Below this line is a listing that includes pictures. Copy exactly, and only, the lines from the one containing "Reporter Rachel Grunwell" through the one containing "Healthy breakfast - corn"; the pictures do not go in the copy.
________________________________________
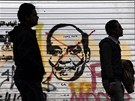 Egypané procházejí kolem graffiti s pekrtnutým obliejem marála Husajna...
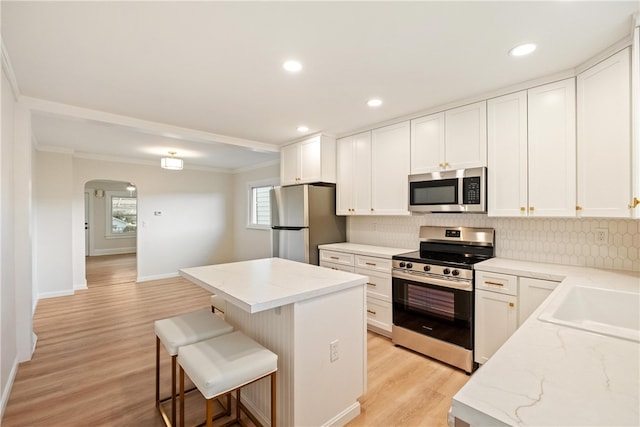 kitchen with a center island, crown molding, stainless steel appliances, white cabinetry, and a breakfast bar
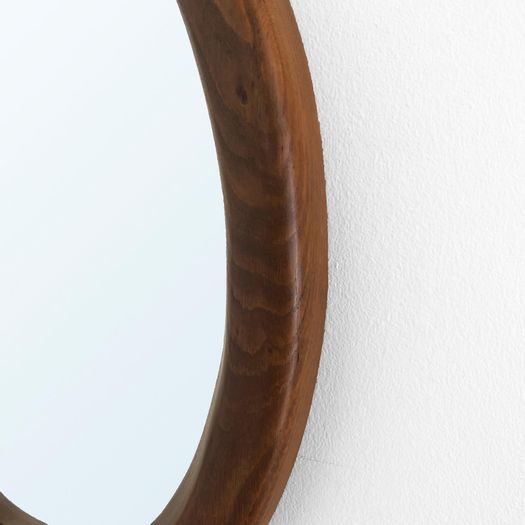 An Oval Wooden Mirror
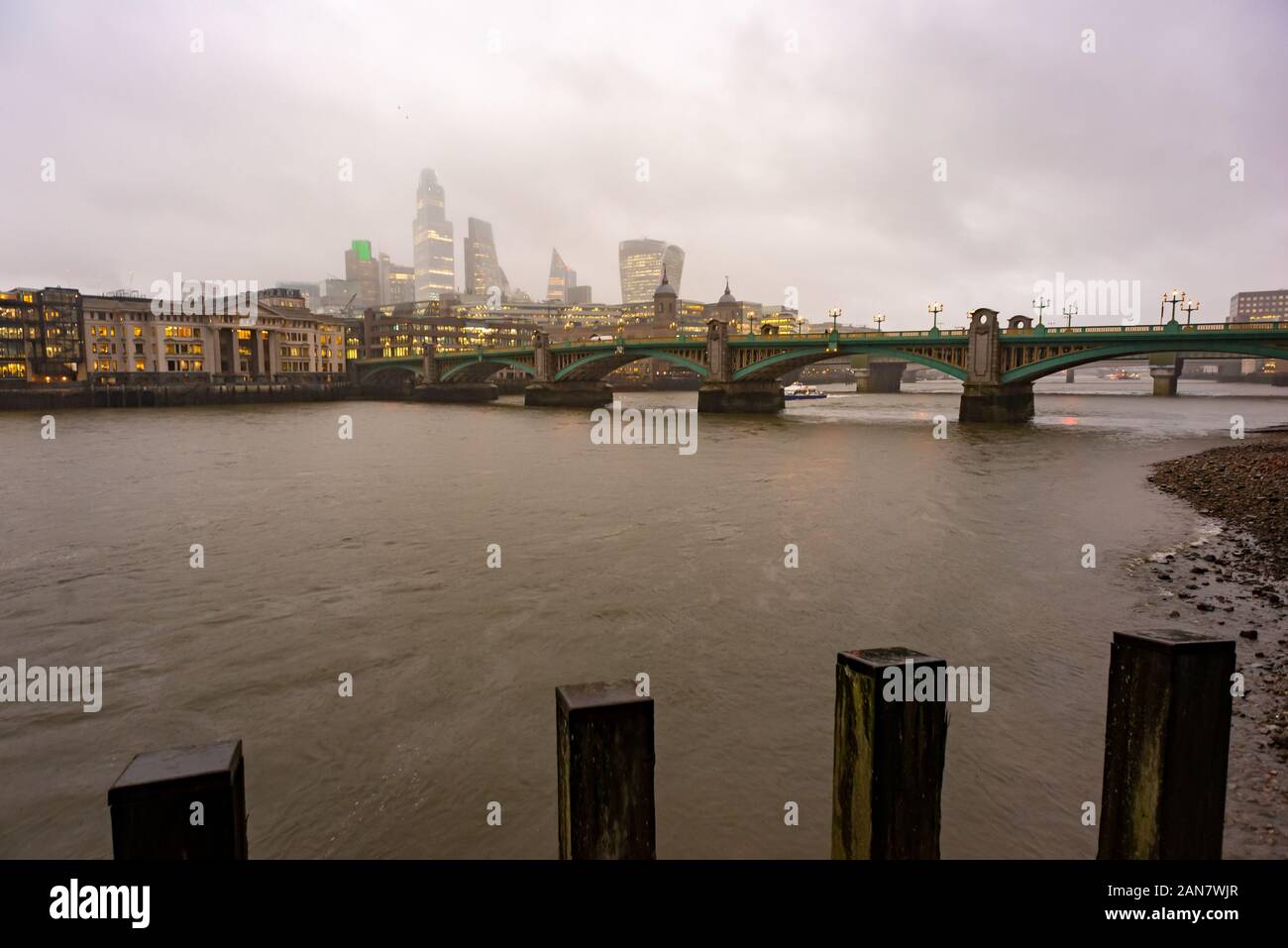 The tops of City of London skyscrapers obscured by low cloud during a wet winter day in London, England Stock Photo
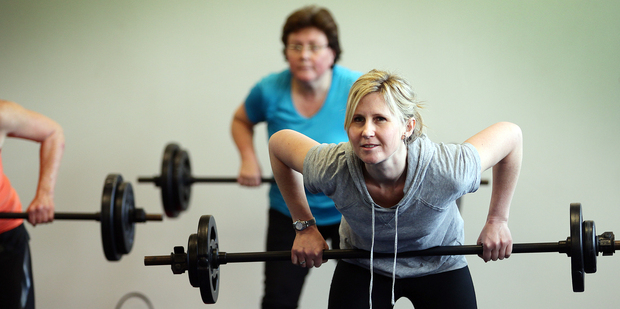 Reporter Rachel Grunwell pushes weights - and enjoys it - at City Fitness, Newmarket, Auckland. Photo / Doug Sherring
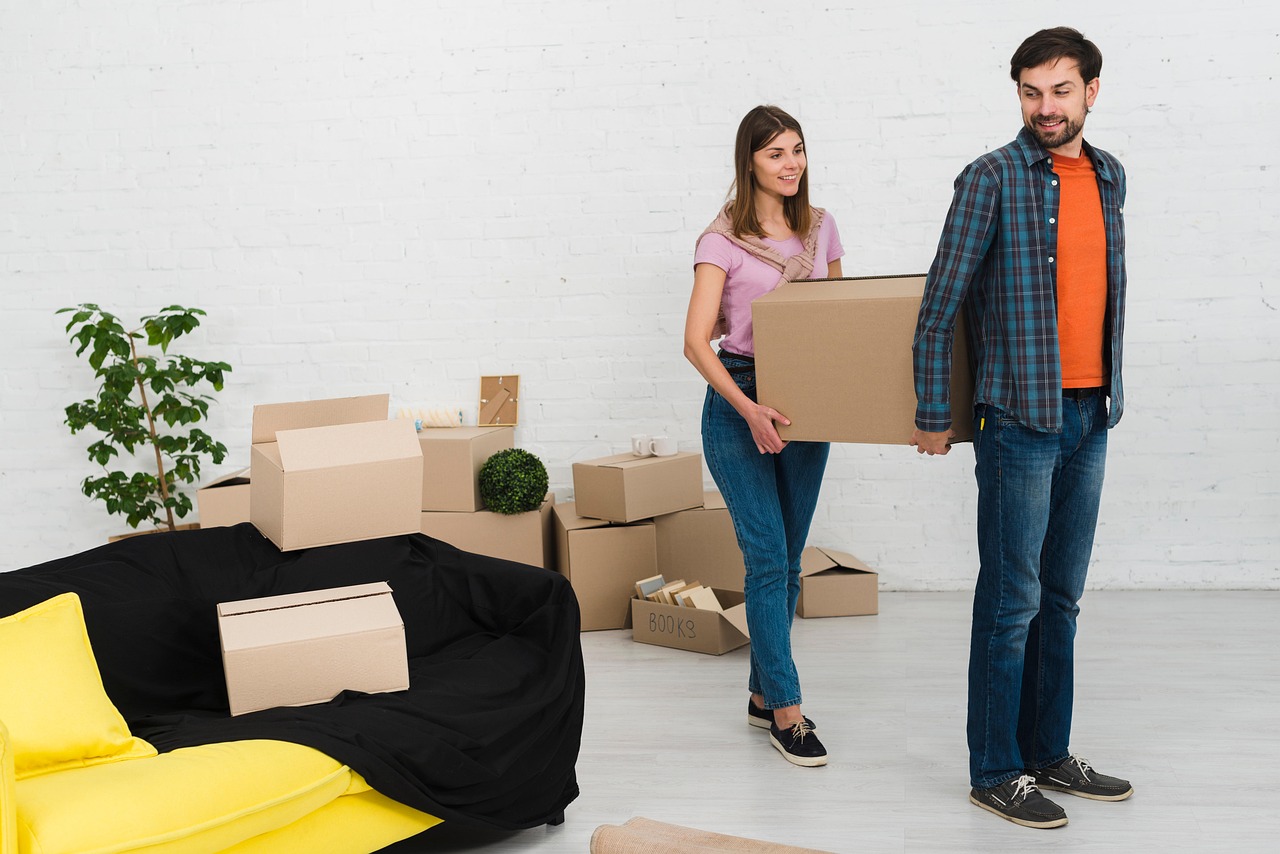 Professional movers loading wrapped furniture and boxes into a moving truck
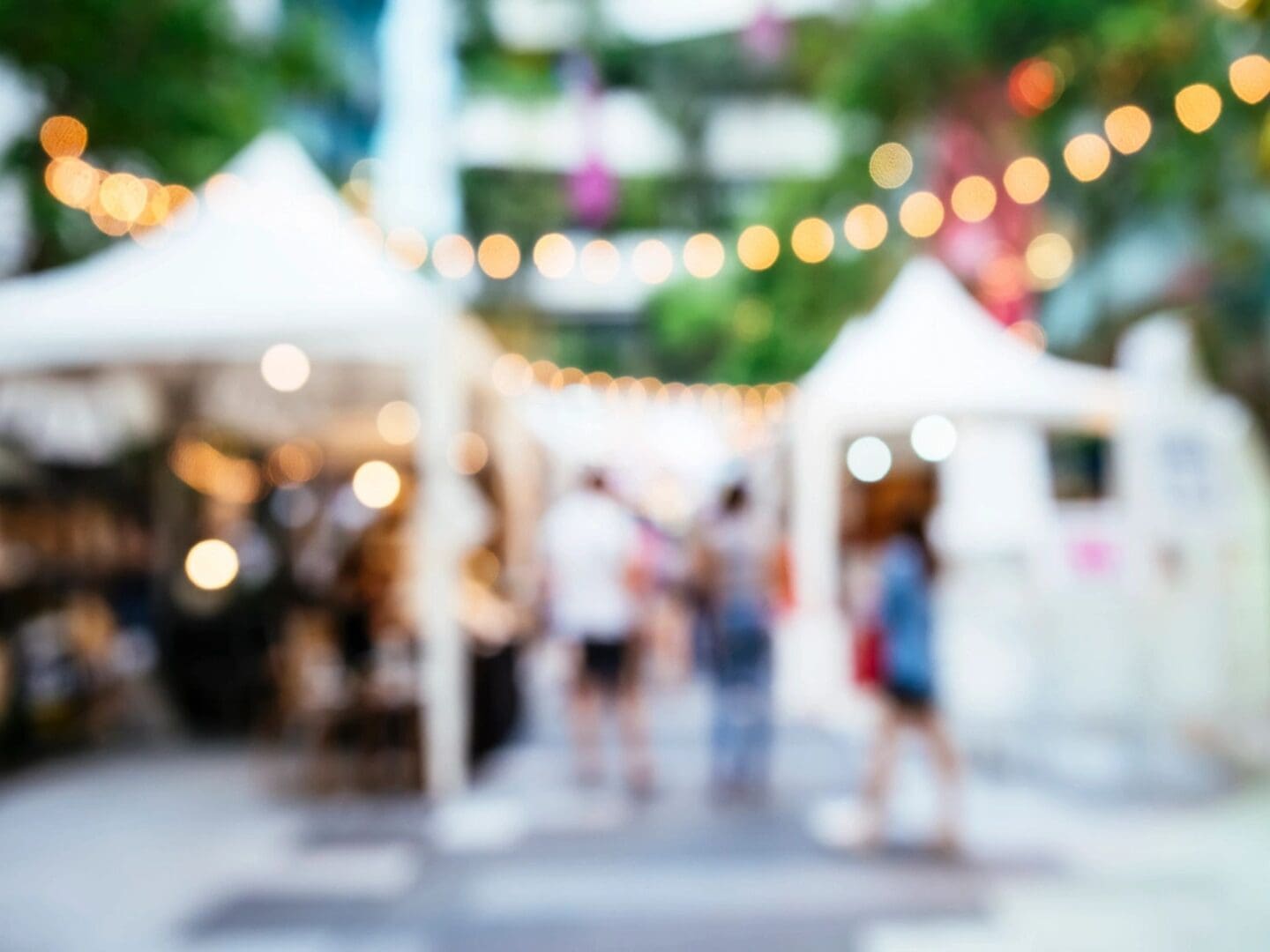 A blurry image of people walking in an outdoor market.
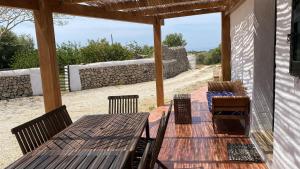 un patio con una mesa de madera, sillas y una pared en Holiday Home Finca SANT JAUME, en Alaior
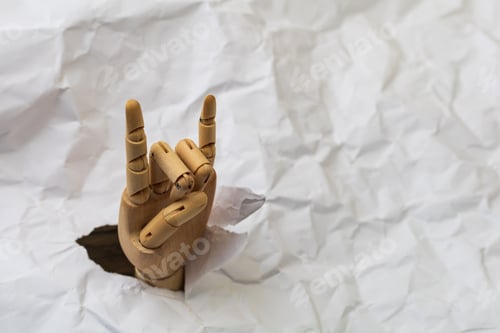 Preview: A Wooden Hand Breaks Through The Crumpled Paper Background And Demonstrates The Goat Gesture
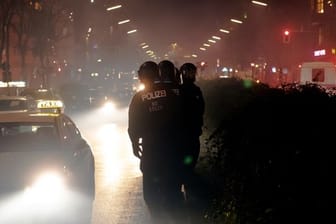 Polizisten gehen in der Silvesternacht über den Kottbusser Damm: Die Einsatzkräfte verzeichnen eine ruhige Silvesternacht.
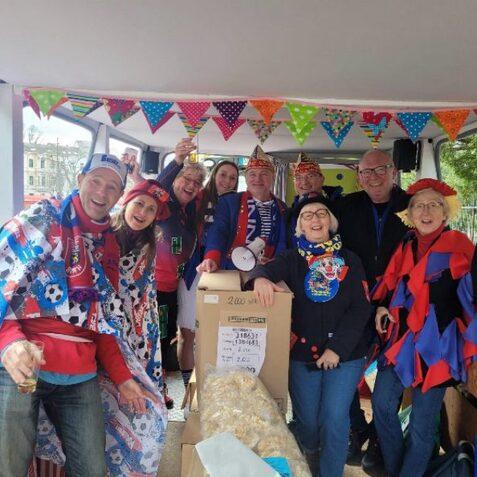 Gruppe von fr&ouml;hlichen Menschen in Kost&uuml;men und H&uuml;ten, die in einem bunten Fahrzeug feiern und feiern.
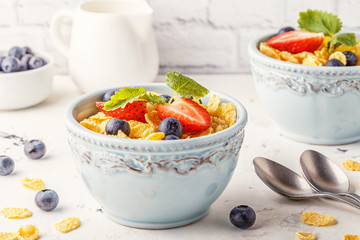 Healthy breakfast - corn flakes with fruits and berries. © tbralnina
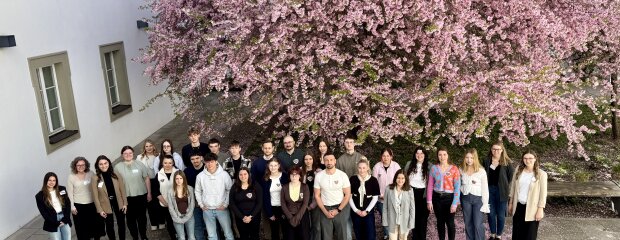 Gruppenfoto der neuen Nachwuchskräfte der Regierung der Oberpfalz beim Kennenlerntag im April 2026. Die Teilnehmenden stehen im Innenhof der Regierung vor einem großen rosa blühenden Baum.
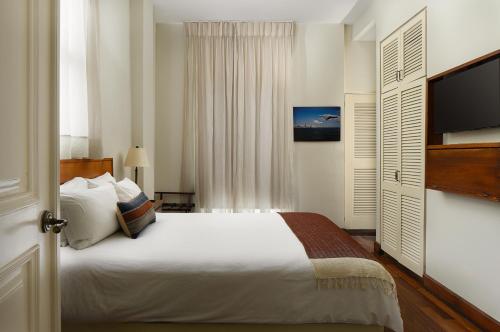 Un dormitorio con una cama grande y un televisor. en Las Clementinas, en Panamá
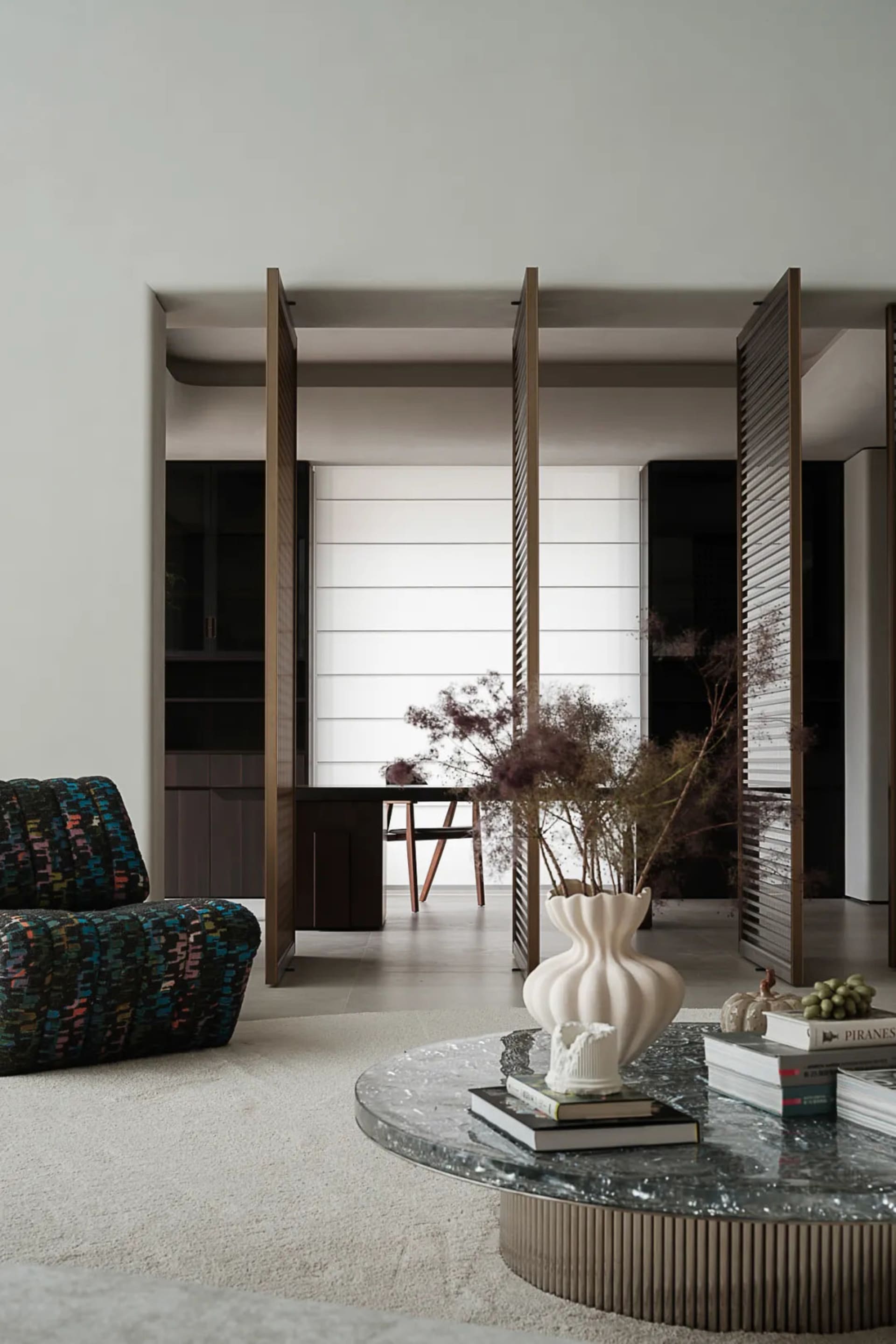 A modern minimalist living room with a round marble coffee table, a colorful patterned chair, and a white vase with dried pla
________________________________________
REPLY TO THE EXERCISE:
 Reporter Rachel Grunwell pushes weights - and enjoys it - at City Fitness, Newmarket, Auckland. Photo / Doug Sherring
 Professional movers loading wrapped furniture and boxes into a moving truck
 A blurry image of people walking in an outdoor market.
 un patio con una mesa de madera, sillas y una pared en Holiday Home Finca SANT JAUME, en Alaior
 Preview: A Wooden Hand Breaks Through The Crumpled Paper Background And Demonstrates The Goat Gesture
 Polizisten gehen in der Silvesternacht über den Kottbusser Damm: Die Einsatzkräfte verzeichnen eine ruhige Silvesternacht.
 Gruppe von fr&ouml;hlichen Menschen in Kost&uuml;men und H&uuml;ten, die in einem bunten Fahrzeug feiern und feiern.
 Healthy breakfast - corn flakes with fruits and berries. © tbralnina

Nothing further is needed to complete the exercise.